## INSTRUCTIONS TO FOLLOW
Start at the line holding "Swathi Mallepally receiving". Write out that line and each one after it to the end of the data, unchanged.

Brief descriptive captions
[Start of section]
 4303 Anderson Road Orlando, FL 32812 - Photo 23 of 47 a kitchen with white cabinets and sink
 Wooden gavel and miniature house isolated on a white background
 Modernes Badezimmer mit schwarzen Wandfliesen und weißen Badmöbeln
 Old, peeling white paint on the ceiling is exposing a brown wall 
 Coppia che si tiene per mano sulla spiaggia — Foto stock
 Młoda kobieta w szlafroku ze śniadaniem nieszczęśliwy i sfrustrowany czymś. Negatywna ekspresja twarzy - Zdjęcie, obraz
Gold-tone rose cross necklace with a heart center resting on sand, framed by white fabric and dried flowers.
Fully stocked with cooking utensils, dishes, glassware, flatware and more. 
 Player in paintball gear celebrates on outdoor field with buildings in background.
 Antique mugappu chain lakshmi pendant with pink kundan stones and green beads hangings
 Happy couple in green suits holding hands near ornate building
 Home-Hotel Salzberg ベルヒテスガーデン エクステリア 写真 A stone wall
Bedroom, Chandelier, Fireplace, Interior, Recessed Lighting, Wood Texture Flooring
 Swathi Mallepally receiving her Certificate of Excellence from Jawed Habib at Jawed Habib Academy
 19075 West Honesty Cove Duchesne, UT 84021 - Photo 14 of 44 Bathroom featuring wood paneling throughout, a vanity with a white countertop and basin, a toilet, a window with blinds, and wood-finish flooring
[End of section]
## EXERCISE OUTPUT
 Swathi Mallepally receiving her Certificate of Excellence from Jawed Habib at Jawed Habib Academy
 19075 West Honesty Cove Duchesne, UT 84021 - Photo 14 of 44 Bathroom featuring wood paneling throughout, a vanity with a white countertop and basin, a toilet, a window with blinds, and wood-finish flooring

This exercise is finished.